Add a lovely depth of flavour to juicy meatballs by spiking the mince with our trusty Aussie spice blend and a dash of Dijon. To keep the carbs in check, serve with a mash bulked up with cauliflower, plus garlicky veg for crunch and colour. Drizzle with a herby cream sauce to tie everything together.
This recipe is under 650kcal per serving and under 30g carbohydrates per serving.
Always read product labels for the most up-to-date allergen information. Visit hellofresh.com.au/foodinfo for allergen and ingredient information.

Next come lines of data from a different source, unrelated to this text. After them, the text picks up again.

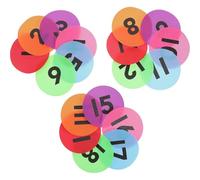 36 fogli di pennarelli for moquette e pavimenti, adesivi colorati for studenti, gioco, etichetta, punto scuola, autoadesivo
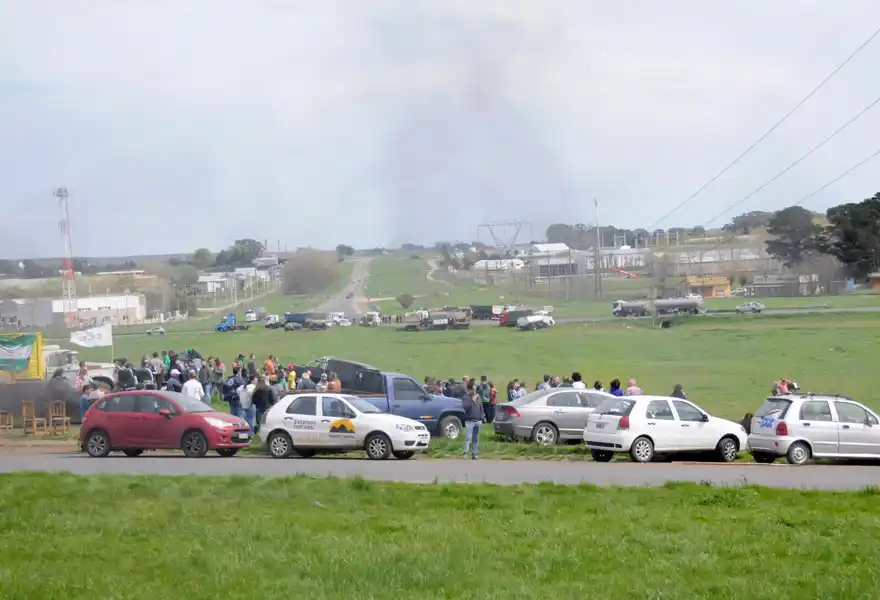 El paro nacional tuvo una fuerte repercusión en Tandil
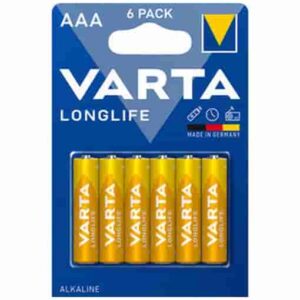 VARTA  BATTERIA  LONGLIFE ALCALINA MINISTILO BL 6 PZ
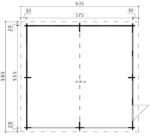Garage en bois pour 2 voitures « Hansa E » | 6 x 6 m – Image 3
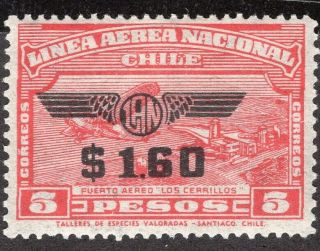 Chile 1940 Air Mail Stamp 268 Wmk 1 Mnh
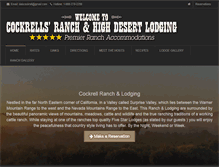 Tablet Screenshot of highdesertlodging.com
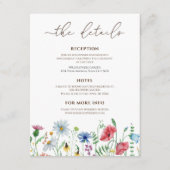 ワイルドフラワー結婚ズ詳細 エンクロージャーカード (正面)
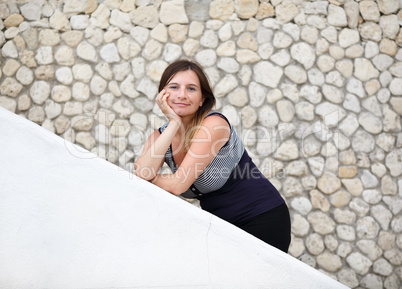 Young woman posing
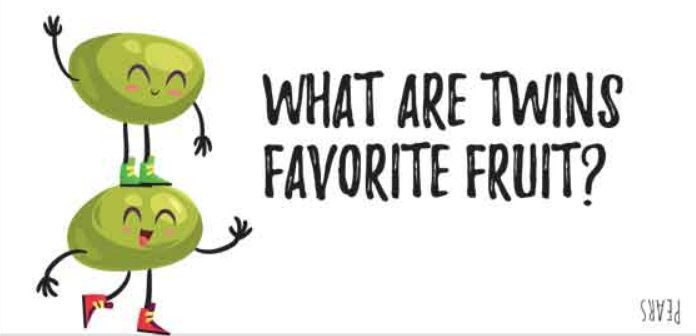 Happy #FoodieJoke Friday!
What are twins favorite fruit?
… Pears! 😀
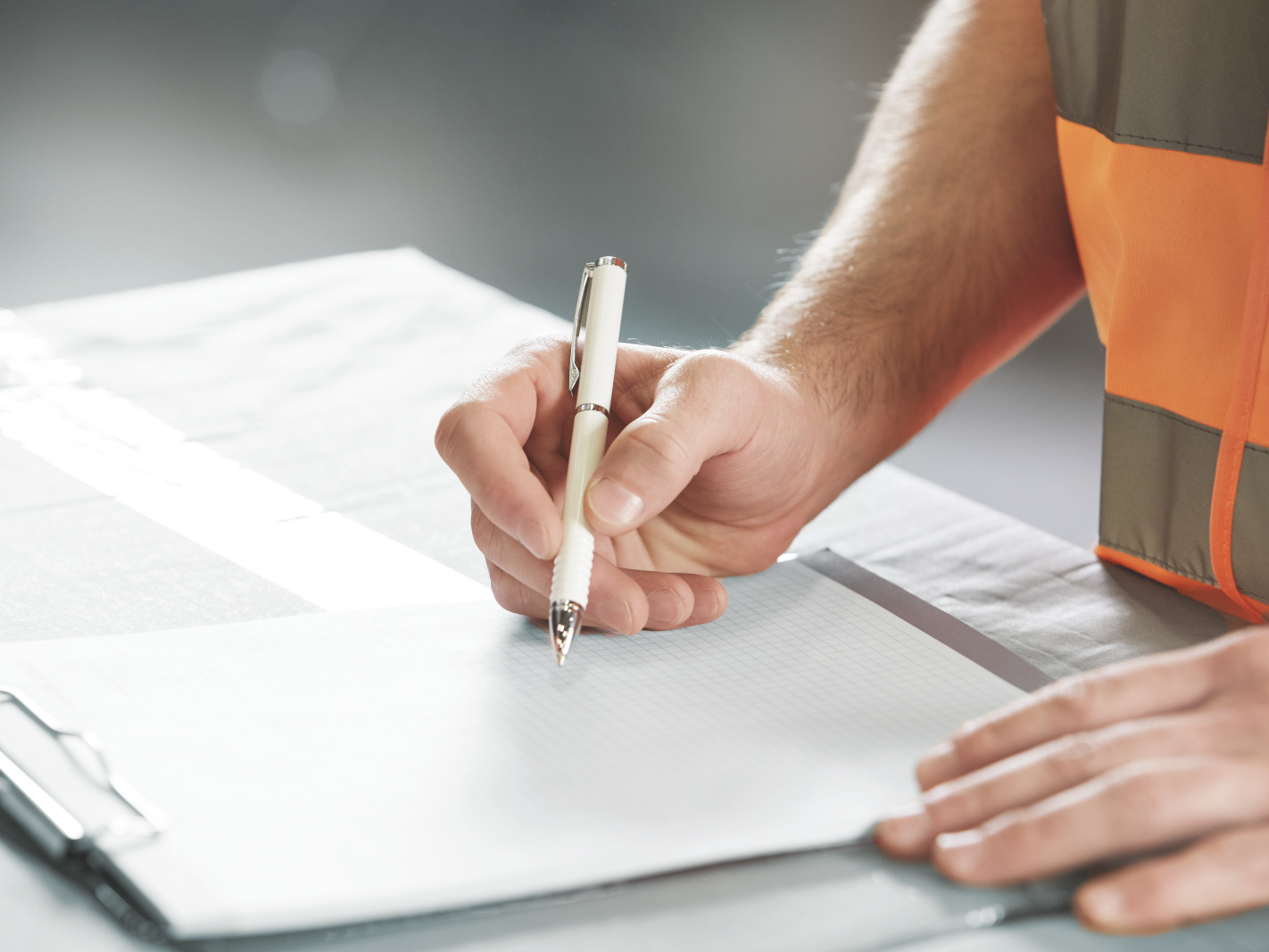 Planning Renovation Steps Correctly Planning renovation steps on a checklist before starting work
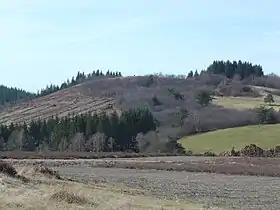 Vue du versant oriental.
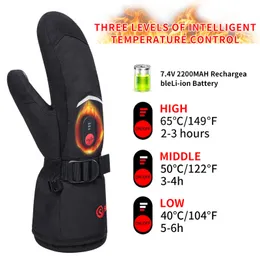 Rękawiczki narciarskie Zbawne ciepło Zimowe rękawiczki podgrzewane ładowane akumulator dla mężczyzn dla mężczyzn Kobiety utrzymują ciepło sporty na świeżym powietrzu 230926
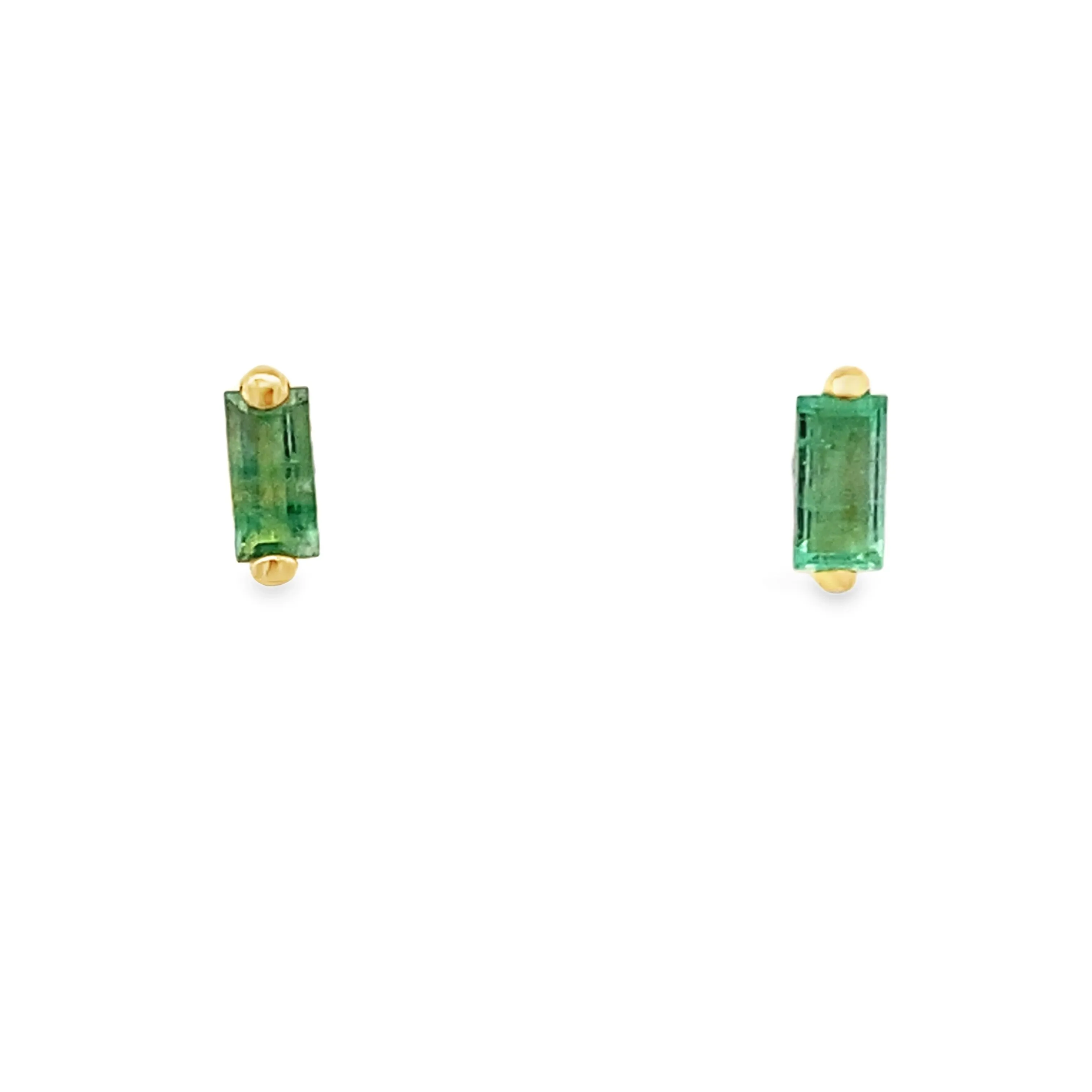 Forest Gem Emerald Baby Studs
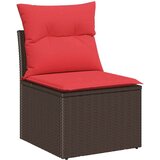  Vrtna sedežna garnitura 5 pcs Rjava poli ratan, (5000142755) | Shoptok.si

If you have received a substitute ingredient, please be aware allergens may have changed.
1
potato
1 portion
cauliflower
1
zucchini
1
carrot
3 clove
garlic
1 packet
beef mince
1 bag
herbs
1 packet
light cooking cream
(Contains Milk;)
1 sachet
Aussie spice blend
1 packet
Dijon mustard
olive oil
20 g
butter
Bring a medium saucepan of salted water to the boil. Peel potato and cut into large chunks. Cut cauliflower into small florets. Cook potato and cauliflower in the boiling water until easily pierced with a fork, 12-15 minutes. Drain and return to pan. Add the butter and a good pinch of salt. Mash until smooth. Cover to keep warm.
TIP: Save time and get more fibre by leaving the potato unpeeled!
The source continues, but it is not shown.